→ Task objective: Could you retype every line below exactly, omitting the images?

Segment Start: Data

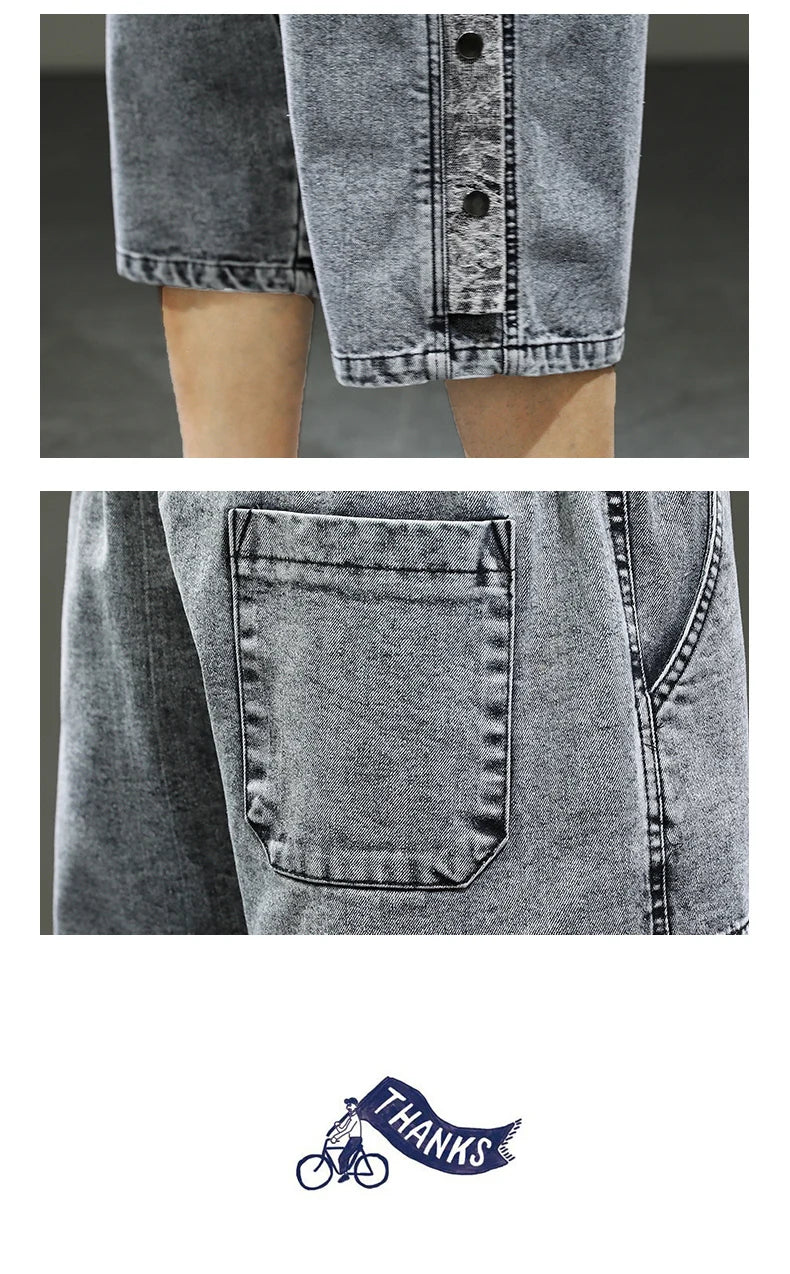 Korean Style Men's Long Shorts 3/4 Length Denim Bermuda Male Big Plus Large Size Jeans Fashion Below Knee Streetwear Loose Baggy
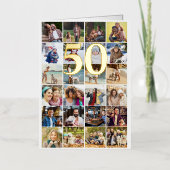 50歳またはその他の年齢のお誕生日おめでとう 24枚の写真コラージュ ゴールド 箔グリーティングカード (正面)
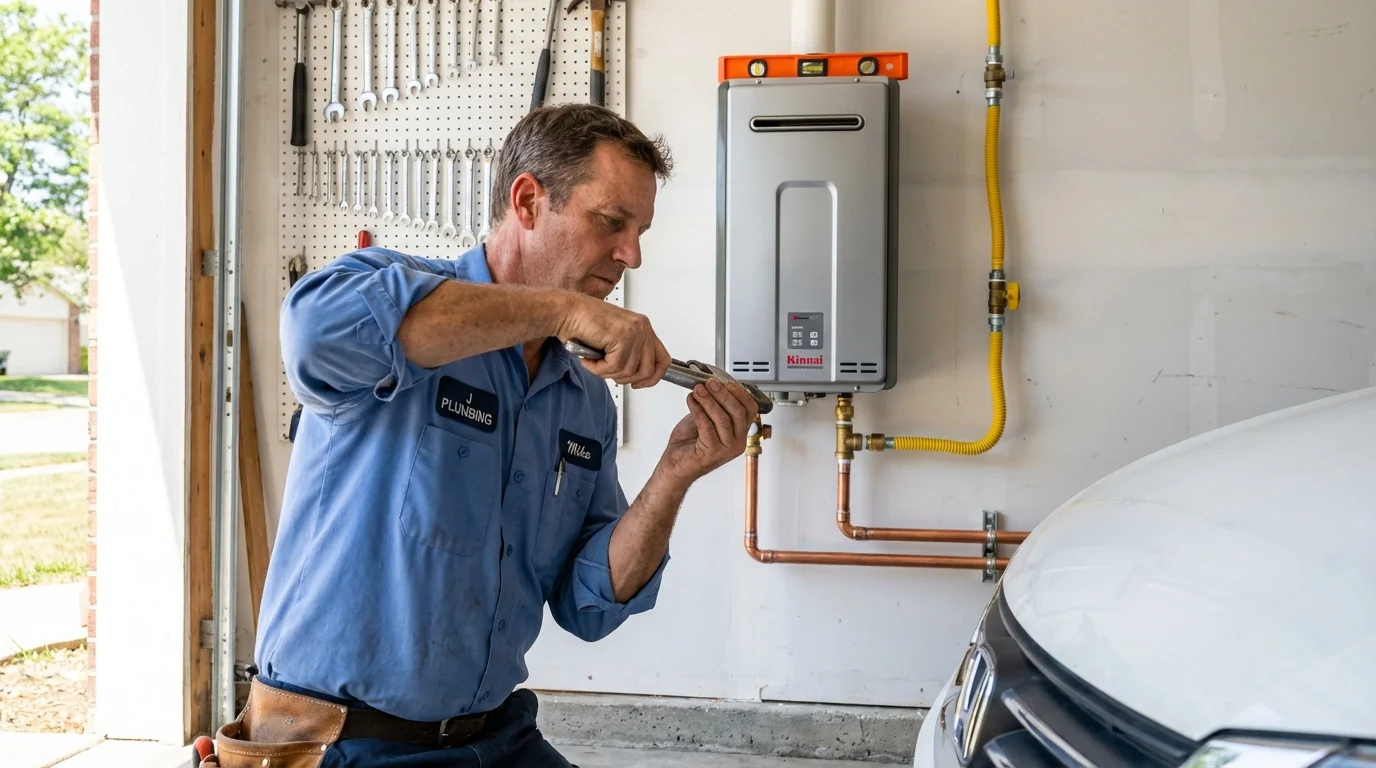 Tankless water heater installation by a Johns Plumbing LLC plumber in Big Flats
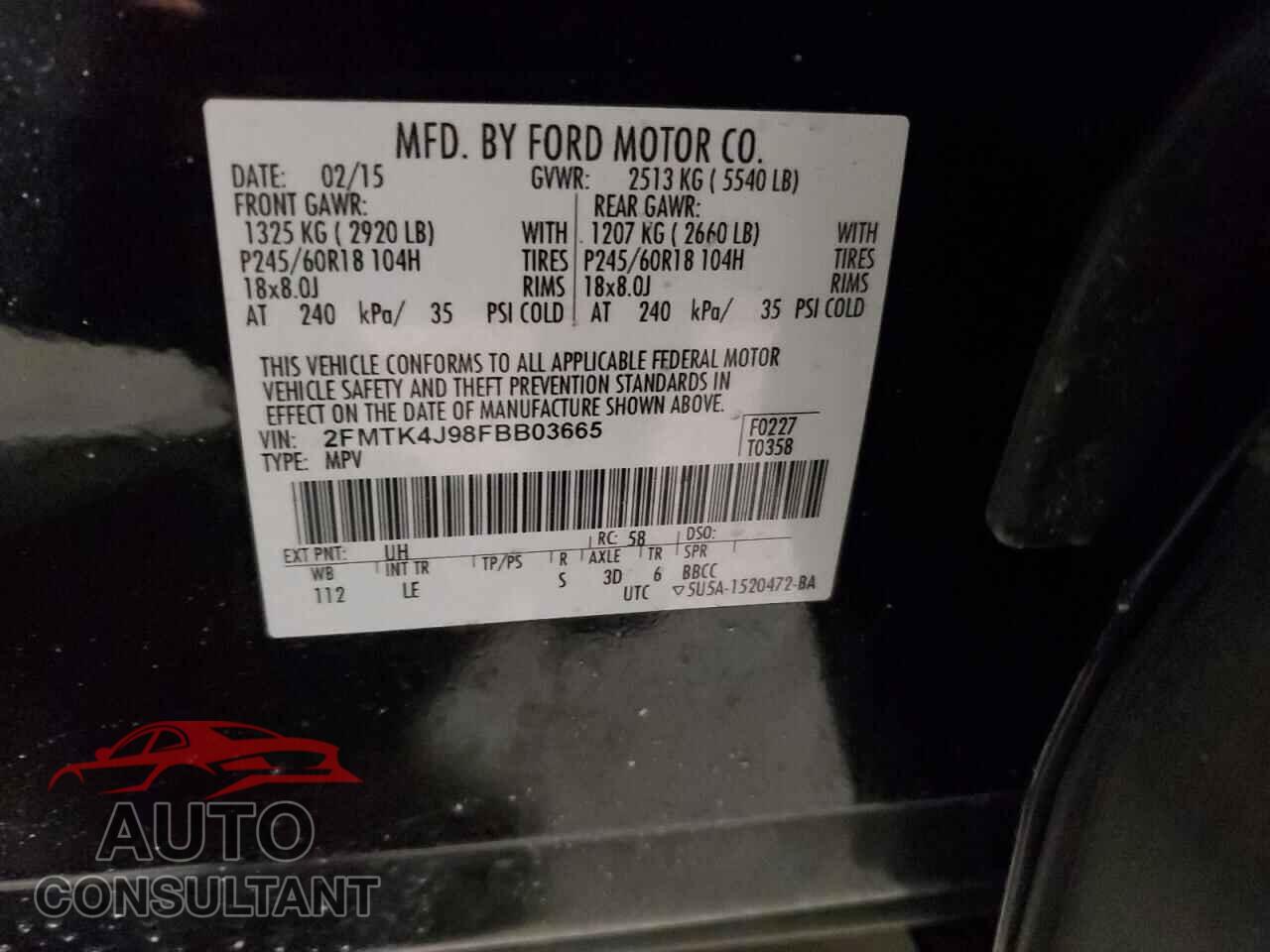 FORD EDGE 2015 - 2FMTK4J98FBB03665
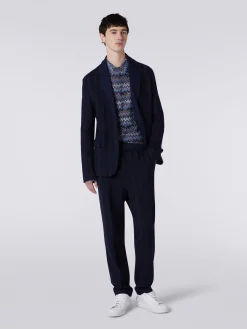 Veste en coton et viscose à chevrons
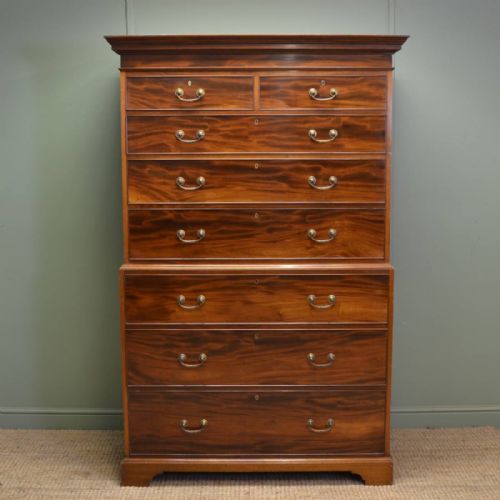 Magnificent Quality Figured Mahogany Edwardian Antique Chest on Chest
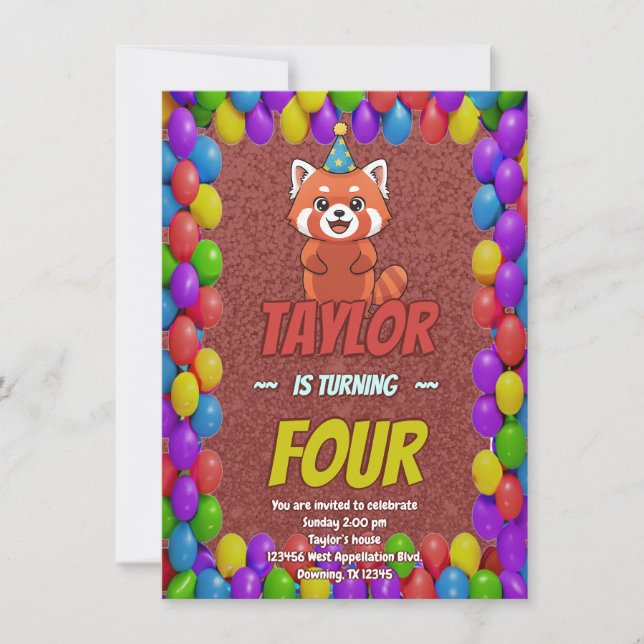 Whimsical Red Panda Adult Invite Inbjudningar (Framsida)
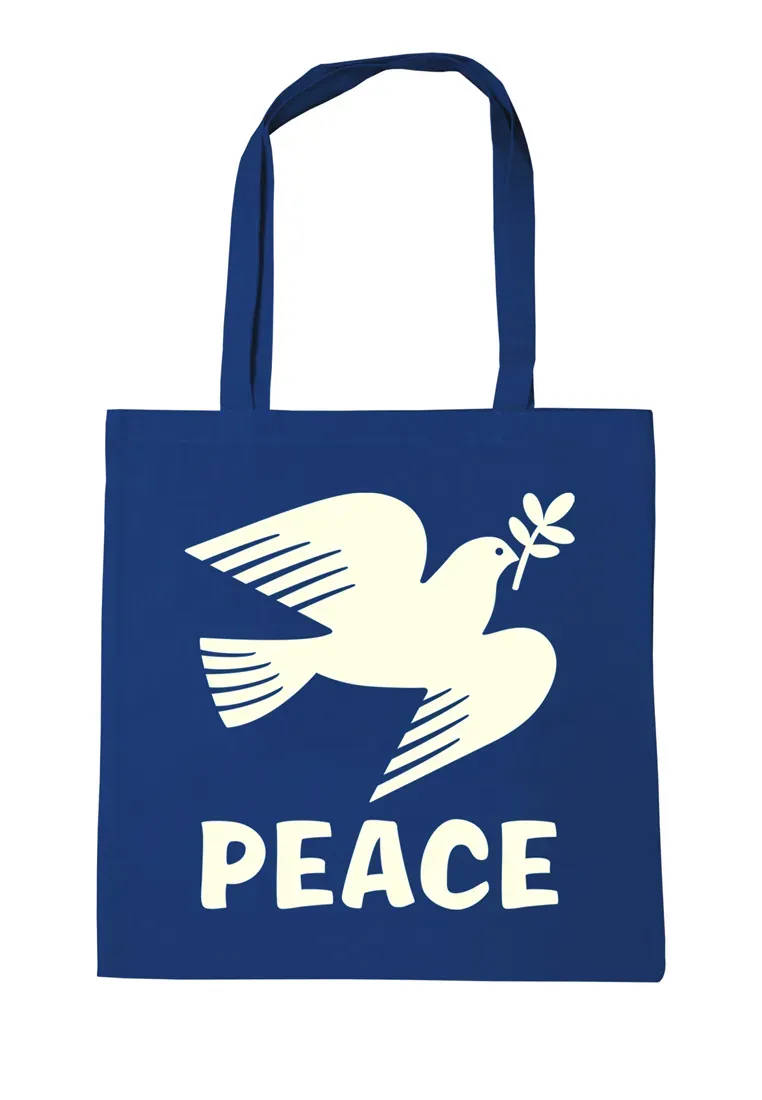 

Сумка с ручкой LOGOSHIRT "Peace Peace Dove Cotton Bag", с мотивом мира, синий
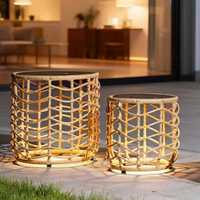 Table basse d'extérieur moderne en osier à énergie solaire avec lumières LED décoratives, étanche, 1 place, pour jardin, cour, bord de piscine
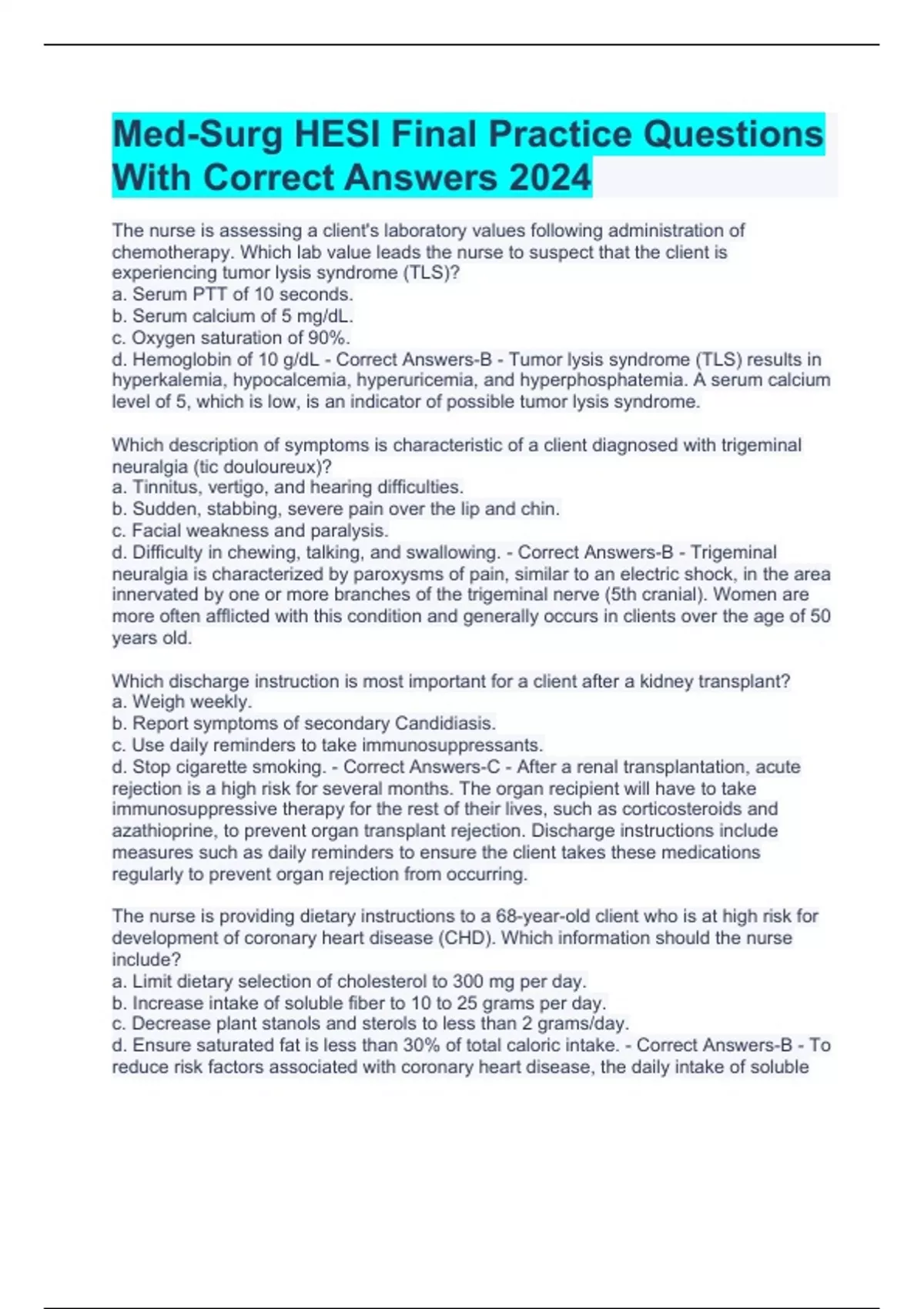 Med-Surg HESI Final Practice Questions With Correct Answers 2024 - Med ...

Segment End: Data

→ Written answer:
 Korean Style Men's Long Shorts 3/4 Length Denim Bermuda Male Big Plus Large Size Jeans Fashion Below Knee Streetwear Loose Baggy
 50歳またはその他の年齢のお誕生日おめでとう 24枚の写真コラージュ ゴールド 箔グリーティングカード (正面)
 Tankless water heater installation by a Johns Plumbing LLC plumber in Big Flats
 FORD EDGE 2015 - 2FMTK4J98FBB03665
 Veste en coton et viscose à chevrons
 Magnificent Quality Figured Mahogany Edwardian Antique Chest on Chest
 Whimsical Red Panda Adult Invite Inbjudningar (Framsida)

Сумка с ручкой LOGOSHIRT "Peace Peace Dove Cotton Bag", с мотивом мира, синий
 Table basse d'extérieur moderne en osier à énergie solaire avec lumières LED décoratives, étanche, 1 place, pour jardin, cour, bord de piscine
 Med-Surg HESI Final Practice Questions With Correct Answers 2024 - Med ...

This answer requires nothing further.